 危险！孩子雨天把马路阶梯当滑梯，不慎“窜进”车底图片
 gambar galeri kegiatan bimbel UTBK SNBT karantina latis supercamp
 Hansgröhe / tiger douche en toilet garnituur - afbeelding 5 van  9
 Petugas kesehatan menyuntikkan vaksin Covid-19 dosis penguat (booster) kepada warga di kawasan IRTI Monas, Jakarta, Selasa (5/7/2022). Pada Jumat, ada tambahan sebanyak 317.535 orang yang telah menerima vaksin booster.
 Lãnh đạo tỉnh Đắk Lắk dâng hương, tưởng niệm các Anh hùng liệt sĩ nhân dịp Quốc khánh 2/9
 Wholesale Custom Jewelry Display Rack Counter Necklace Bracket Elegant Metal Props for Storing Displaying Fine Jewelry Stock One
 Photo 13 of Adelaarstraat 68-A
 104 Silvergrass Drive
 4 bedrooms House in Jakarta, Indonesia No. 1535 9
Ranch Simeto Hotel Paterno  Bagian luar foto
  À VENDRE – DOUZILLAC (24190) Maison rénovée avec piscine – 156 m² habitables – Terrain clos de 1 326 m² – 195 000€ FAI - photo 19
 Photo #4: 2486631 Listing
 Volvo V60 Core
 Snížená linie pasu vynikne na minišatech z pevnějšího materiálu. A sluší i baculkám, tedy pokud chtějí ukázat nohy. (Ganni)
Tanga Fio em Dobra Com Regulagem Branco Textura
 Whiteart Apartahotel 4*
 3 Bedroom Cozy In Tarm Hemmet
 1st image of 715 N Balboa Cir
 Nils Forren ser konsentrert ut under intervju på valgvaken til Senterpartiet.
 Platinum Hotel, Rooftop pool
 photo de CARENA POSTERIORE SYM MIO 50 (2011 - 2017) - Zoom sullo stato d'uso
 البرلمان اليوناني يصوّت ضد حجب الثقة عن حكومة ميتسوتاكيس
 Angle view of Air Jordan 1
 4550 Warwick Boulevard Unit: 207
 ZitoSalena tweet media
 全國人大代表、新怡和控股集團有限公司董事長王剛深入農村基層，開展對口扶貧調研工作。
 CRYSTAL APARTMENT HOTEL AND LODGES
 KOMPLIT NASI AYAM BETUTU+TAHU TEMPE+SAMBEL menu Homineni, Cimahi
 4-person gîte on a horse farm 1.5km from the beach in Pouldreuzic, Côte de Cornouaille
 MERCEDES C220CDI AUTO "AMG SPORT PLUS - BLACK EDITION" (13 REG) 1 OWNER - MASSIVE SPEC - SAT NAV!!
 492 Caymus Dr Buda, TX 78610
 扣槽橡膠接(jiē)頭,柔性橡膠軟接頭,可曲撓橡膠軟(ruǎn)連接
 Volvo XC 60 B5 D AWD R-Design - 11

----------

*Exercise brief*
Each line from the one that contains "MERCEDES C220CDI AUTO" through the end of the records must be repeated exactly. No other line belongs in the answer.

*Written solution*
 MERCEDES C220CDI AUTO "AMG SPORT PLUS - BLACK EDITION" (13 REG) 1 OWNER - MASSIVE SPEC - SAT NAV!!
 492 Caymus Dr Buda, TX 78610
 扣槽橡膠接(jiē)頭,柔性橡膠軟接頭,可曲撓橡膠軟(ruǎn)連接
 Volvo XC 60 B5 D AWD R-Design - 11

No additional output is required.